Image de la semaine | 06/09/2010
Les « granitoïdes » de Saint Jean du Doigt (Finistère) : des magmas acides fracturant un pluton gabbroïque préexistant
06/09/2010
Résumé
Magmas acides et différenciation de magmas basiques.
Les magmas acides, et donc les granites, peuvent avoir plusieurs origines principales : (1) ils sont issus de différenciation (par cristallisation fractionnée) d'un magma basique d'origine mantellique, (2) ils sont issus de la fusion d'une roche basique préexistante (cas relativement rare depuis 2 Ga, très fréquent à l'Archéen, (3) ils sont directement issus de la fusion partielle de la croûte continentale ; toutes les possibilités intermédiaires peuvent exister (contamination, mélange de magmas …), (cf vade-mecum sur les granites).
Dans la région de Saint Jean du Doigt et de Plougasnou, au Nord de Morlaix (Finistère), affleure un vaste massif de gabbro daté de l'Hercynien précoce (360-350 Ma, limite Dévonien-Carbonifère). Il s'agit d'un gabbro tholéiitique, sans doute mis en place au sein de la chaîne hercynienne en début de formation à la faveur d'une zone locale en extension (rift, pull apart…). Géographiquement voisins, et d'âge identique, affleurent des petits corps et des filons de granodiorites, trondhjémite, albitites et autres plagiogranites, qui souvent injectent et recoupent la masse de gabbro déjà solidifié. En effet, la température de cristallisation des magmas acides est voisine de 800°C alors que celle des magmas basiques est voisine de 1100°C. Le magma acide fracture le gabbro déjà solide, et on obtient alors de très belles brèches magmatiques. La notice de la carte géologique BRGM Plestin-les Grèves 1/50 000 décrit ces affleurements de la façon suivante : « De remarquables filons et brèches magmatiques sont exposés sur l'estran côtier, de part et d'autre de la plage de Saint Jean du Doigt. […] Les caractères habituels de ces brèches de ce type peuvent y être observés : complexité des associations magmatiques, compositions intermédiaires […] entre granite et gabbro. […]. Ce sont des roches probablement différenciées du magma gabbroïque. »

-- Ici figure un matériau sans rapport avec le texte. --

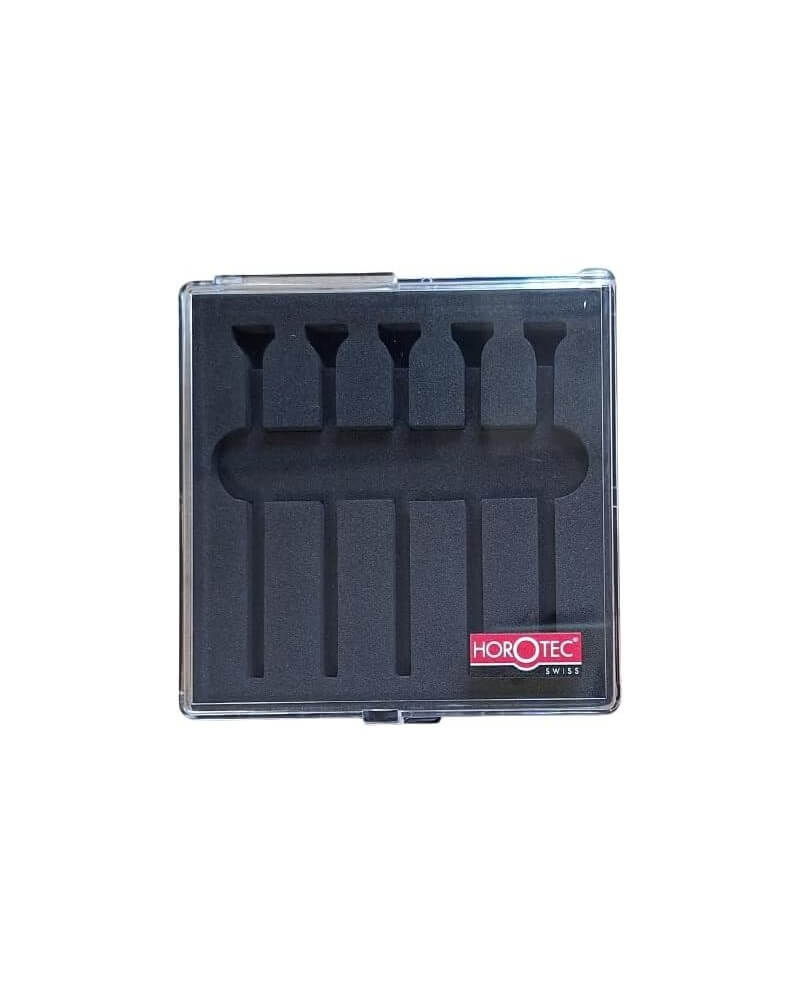 HOROTEC - Boîte rangement pour 5 tournevis atelier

Même quand elles sont associées à (et géologiquement contemporaines avec) des roches magmatiques basiques, il n'est pas certain que ces roches acides proviennent de la différenciation (par cristallisation fractionnée) d'un magma basique ou de la refusion d'un corps basique déjà solide quand on se situe sur croûte continentale, ce qui est bien sûr le cas du massif Armoricain. Il faut faire de la géochimie pour exclure formellement des phénomènes de type contamination, fusion de la croûte continentale par le magma basique très chaud…
En Islande, on trouve des affleurements qui ressemblent beaucoup à ceux de Saint Jean du Doigt : filons de plagiogranite recoupant des gabbros. Et là, on est sûr qu'il n'y a aucune intervention de la croûte continentale, puisqu'en Islande, il n'y en a pas.